Sea horse-shaped Mayotte is the oldest and most southerly of the Comoros. It is split into Grande Terre, the large central island, and the tiny islet of Pamandzi where the airport is located. Mamoudzou on Grande Terre is the island's only town and the major port. A ferry service connects Mamoudzou with Dzaoudzi, the latter of which is sometimes referred to as France's "Rock of Gibraltar." Less mountainous than the three other Comoros islands, agriculture is the basis of the local economy in Mayotte. Ylang-ylang plants cover one third of the arable land. Other crops grown for the domestic market include rice, maize, manioc (cassava), sweet potatoes, bananas and citrus fruits. Tourism is still only a minor component of the local economy. Travelers who have discovered this remote and tropical hideaway will experience a laid-back lifestyle, unspoiled natural beauty and deserted beaches for swimming, snorkeling and diving.
The ship is scheduled to anchor. Guests will be taken ashore via the ship's tenders to Mamoudzou on Grande Terre island. The town center is a short walk from the pier and can be easily explored. A variety of vehicles is usually available for taxi services if you wish to venture inland or to one of the beaches. Many are converted small pick-ups with benches in the back. There are few cars with air conditioning.

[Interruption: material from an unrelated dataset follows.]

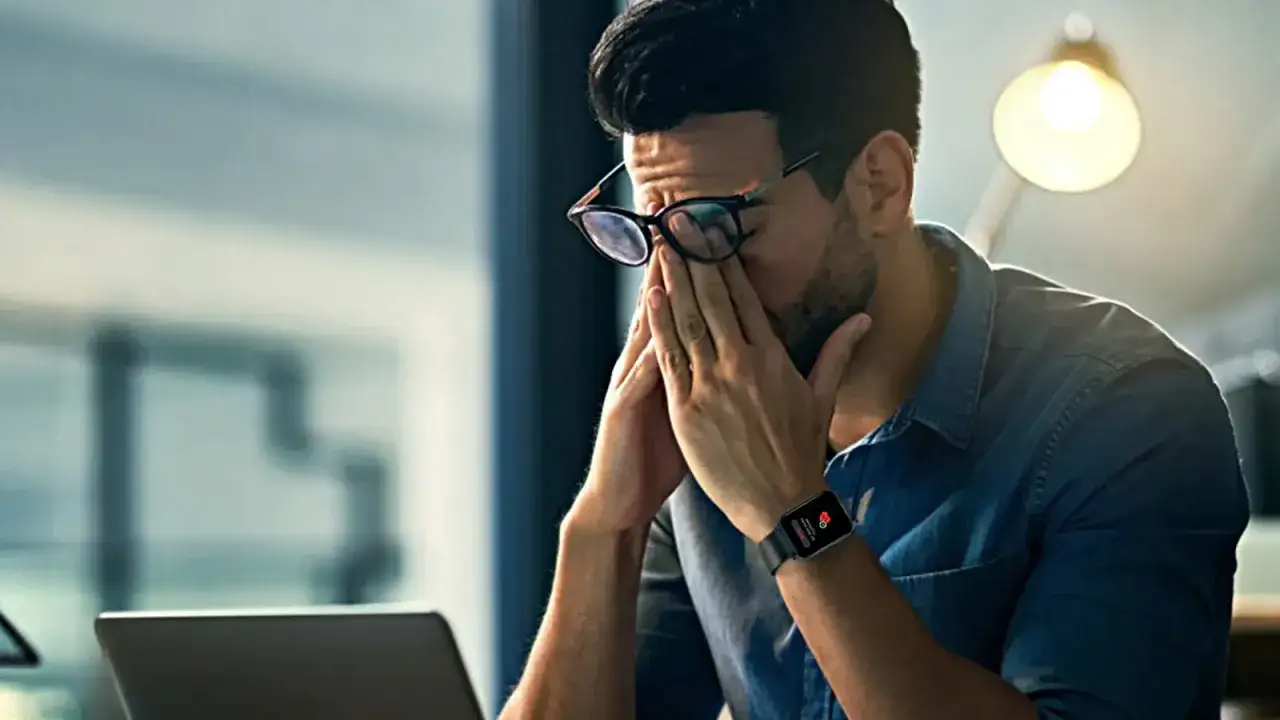 Zmęczony mężczyzna w okularach pociera oczy, a na jego nadgarstku widoczny jest smartwatch z powiadomieniem o tętnie.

Take a stroll into the animated little town. It has a market offering an astonishing variety of wares, from fruit and vegetables to everyday utensils, fabrics and handicrafts. A few shops carry French imports, but they are very costly. The local currency is the euro.
Restaurants are geared towards French tastes, serving omelettes, seafood and meat dishes. There is very little in the way of typical local dishes. Baguettes are sold everywhere, in the town's bakeries and from road stands in the countryside.
The beach closest to Mamoudzou is 10 miles away at Trevani. Other beaches are located farther north or in the distant southern part of the island. N'Goudja on the southwest tip of the island is said to feature Mayotte's best beach for snorkeling and diving. Just north of the beach is Mount Choungui, an extinct volcano.
Private arrangements for independent sightseeing may be requested through the Tour Office on board, but are subject to the availability of vehicles and guides and require advance notice.